2022年01月28日
青や緑など鮮やかな色彩の大小のキャンバスに、紙飛行機が描かれている。ソウル市内の総合病院内のギャラリーで、入院患者の女性が穏やかな表情で絵を見つめて言った。「かわいい紙飛行機。私も早く治って外に飛び出したくなる。頑張ろう」
ギャラリーの隅で、観覧者らの声に手応えを感じていたのは、作者の安忠国(アンチュングク)さん(26)。北朝鮮北部の町で生まれ育ったが、2009年に家族で脱北して韓国に来た。飲食店の出前ライダーのアルバイトをしながら、芸術大で学んだ。今年から個展を開き始めた新進気鋭の画家だ。
紙飛行機を描くようになった経緯を聞いて、ハッとさせられた。

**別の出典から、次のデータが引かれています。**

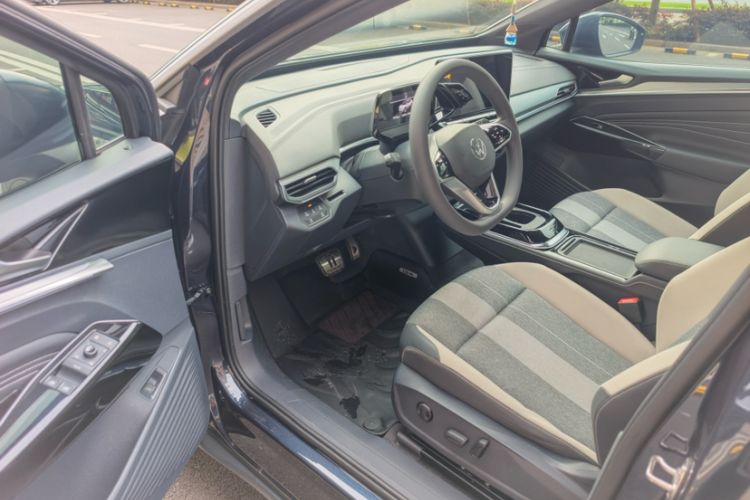 Used Volkswagen ID.4 CROZZ 2022 Standard Range PURE Edition Interior 7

北の故郷で幼いころ、絵の手ほどきをしてくれた親戚のお姉さんがいた。彼女は安さん一家よりも先に脱北し、音信不通になってしまったという。
脱北女性が中国で捕まって強制送還されたり、中国人男性と望まない結婚をしたりする話も多い。「もしやお姉さんも?」との不安もあるが、安さんは紙飛行機を「お姉さんにつながる象徴。必ずまた会える」と信じて描く。彼の絵をお姉さんが見られる日が訪れることを私も祈ろうと思った。 (相坂穣)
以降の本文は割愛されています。